With Brexit day looming ominously, David Penn of Conquest muses on how the emotional marketing of brands has leached into politics.
Historian Niall Ferguson wrote recently “We no longer live in a democracy. We live in an ‘emocracy’, where emotions rule... and feelings matter more than reason”. Ferguson was talking about politics (and specifically a political landscape inflamed by populism, fake news and social media), but it made me wonder: has politics finally caught up with marketing?
Or, put another way, has politics descended into a post-rational free-for-all where ideas fight one another for the finite cognitive space available, and where reasoned argument gives way to heuristics and emotions? A landscape in which, as Ferguson puts it, we “never use words where an emoji will do”.
Most of us who work in marketing are familiar with the argument that we’ve entered a post-rational age; not irrational, but non-rational. It’s become more and more difficult to explain purchasing behaviour in terms of rational product differences – emotion and cognitive biases (heuristics) seem to explain things far better than traditional ‘rational choice’ theories, customer journeys and the rest.
So when Oscar Wilde remarked, ‘'I can stand brute force, but brute reason is quite unbearable”, he might have been anticipating early consumer mass marketing. Because, in the 20th-century model of brand communication, advertising was seen as a kind of missile-delivery system that would bludgeon the unsuspecting customer into submission.
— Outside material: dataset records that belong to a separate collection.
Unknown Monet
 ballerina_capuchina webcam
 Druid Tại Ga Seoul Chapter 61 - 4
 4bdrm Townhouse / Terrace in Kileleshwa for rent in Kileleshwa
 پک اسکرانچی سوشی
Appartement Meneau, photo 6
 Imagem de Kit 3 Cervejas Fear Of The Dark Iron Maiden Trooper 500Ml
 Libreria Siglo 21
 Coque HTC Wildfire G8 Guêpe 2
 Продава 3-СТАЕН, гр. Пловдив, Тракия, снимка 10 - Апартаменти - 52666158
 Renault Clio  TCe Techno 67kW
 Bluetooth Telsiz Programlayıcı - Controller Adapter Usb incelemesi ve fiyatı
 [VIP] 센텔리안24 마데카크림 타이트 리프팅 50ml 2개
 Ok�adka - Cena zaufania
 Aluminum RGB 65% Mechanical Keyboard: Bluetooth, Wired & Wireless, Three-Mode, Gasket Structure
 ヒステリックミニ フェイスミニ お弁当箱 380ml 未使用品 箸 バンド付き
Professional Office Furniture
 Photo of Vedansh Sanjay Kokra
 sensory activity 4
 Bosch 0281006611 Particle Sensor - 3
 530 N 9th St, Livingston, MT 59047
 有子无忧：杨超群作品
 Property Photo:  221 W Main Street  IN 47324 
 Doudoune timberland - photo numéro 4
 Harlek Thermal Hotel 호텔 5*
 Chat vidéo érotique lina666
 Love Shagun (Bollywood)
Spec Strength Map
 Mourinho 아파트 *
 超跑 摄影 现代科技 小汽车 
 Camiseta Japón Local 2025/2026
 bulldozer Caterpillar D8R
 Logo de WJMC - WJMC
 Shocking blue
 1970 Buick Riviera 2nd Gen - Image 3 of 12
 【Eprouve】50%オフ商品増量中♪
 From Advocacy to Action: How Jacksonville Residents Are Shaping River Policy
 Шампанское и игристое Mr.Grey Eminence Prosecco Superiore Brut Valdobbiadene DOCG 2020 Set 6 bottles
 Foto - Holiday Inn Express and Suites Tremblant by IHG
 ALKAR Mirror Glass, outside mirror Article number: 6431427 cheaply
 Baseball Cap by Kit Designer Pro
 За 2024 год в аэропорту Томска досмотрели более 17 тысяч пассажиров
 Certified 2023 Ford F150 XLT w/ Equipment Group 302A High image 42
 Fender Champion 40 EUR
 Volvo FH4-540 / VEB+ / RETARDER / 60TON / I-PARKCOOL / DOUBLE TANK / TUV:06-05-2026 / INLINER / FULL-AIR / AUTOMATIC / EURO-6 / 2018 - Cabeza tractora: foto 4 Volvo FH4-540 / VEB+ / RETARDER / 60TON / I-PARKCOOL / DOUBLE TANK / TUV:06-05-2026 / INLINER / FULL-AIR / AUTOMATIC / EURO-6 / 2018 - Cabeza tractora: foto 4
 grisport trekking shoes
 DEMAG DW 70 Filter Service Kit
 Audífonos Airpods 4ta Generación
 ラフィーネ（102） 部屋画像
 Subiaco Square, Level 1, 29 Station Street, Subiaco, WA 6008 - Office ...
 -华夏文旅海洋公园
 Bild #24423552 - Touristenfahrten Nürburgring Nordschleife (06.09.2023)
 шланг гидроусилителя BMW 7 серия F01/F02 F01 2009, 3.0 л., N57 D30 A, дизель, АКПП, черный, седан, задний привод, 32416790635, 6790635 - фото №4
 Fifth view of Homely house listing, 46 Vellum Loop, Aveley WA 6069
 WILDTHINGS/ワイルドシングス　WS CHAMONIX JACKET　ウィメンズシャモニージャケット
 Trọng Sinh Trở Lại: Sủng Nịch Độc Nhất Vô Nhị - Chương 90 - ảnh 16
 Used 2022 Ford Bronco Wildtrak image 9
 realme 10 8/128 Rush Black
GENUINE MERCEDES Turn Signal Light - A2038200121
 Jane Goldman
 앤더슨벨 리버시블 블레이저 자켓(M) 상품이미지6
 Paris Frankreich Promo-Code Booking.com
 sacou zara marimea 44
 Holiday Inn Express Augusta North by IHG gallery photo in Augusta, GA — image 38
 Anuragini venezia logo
Remember those 1960s models of how advertising works? Famously, AIDA (Attention – Interest – Decision – Action) assumed a linear relationship between advertising impact and eventual action; the basic idea being that, to change behaviour, you must first get attention and then lodge a (persuasive) message. What next? Decision and ACTION!
Yet, as early as the late 1960s, the foundations of this model were beginning to crumble. Persuading people to buy your product is a viable strategy until you run out of (persuasive) things to say – and, in many categories, that is more or less what happened.
As markets matured and product differentiation lessened, marketers found it increasingly difficult to work to a persuasion strategy. Fact is, once the competition catches up (and in a globalised world they inevitably will), what is there left to say?
The answer is, of course, to transform your product from a thing (with rational benefits) into a mental construct (with positive associations). Rather than labour to persuade consumers of objective benefits (washes whiter, tastes better, lasts longer, etc.), why not create thoughts, feelings and beliefs about it which differentiate it from the rest?
Brands help us to make (lots of) decisions quickly and fairly efficiently. Because brand choice is a mostly a low-risk activity, non-rational processes (such as ‘gut feel’ and heuristics) are usually good enough and, provided product delivery is adequate, we don’t usually feel cheated or short-changed.
If I buy a new brand of toothpaste and I don’t like it, it’s a minor disappointment not a disaster. I can always buy a different brand next time. Problem is, once we transfer that kind of decision making to politics what do you get? If you elect the wrong president you have to wait four years to put it right. And if you vote for Brexit or Scottish independence you’re probably stuck with that decision for ever.
Perhaps, in a hundred years or so, brands will be seen as the most significant cultural phenomenon of the late 20th century – as a sort of triumph of mind over matter. But do we really want a political system that works on similar principles? Politics needs to rise above gut reaction: it needs reason as well as emotion.
Give me democracy not emocracy any day!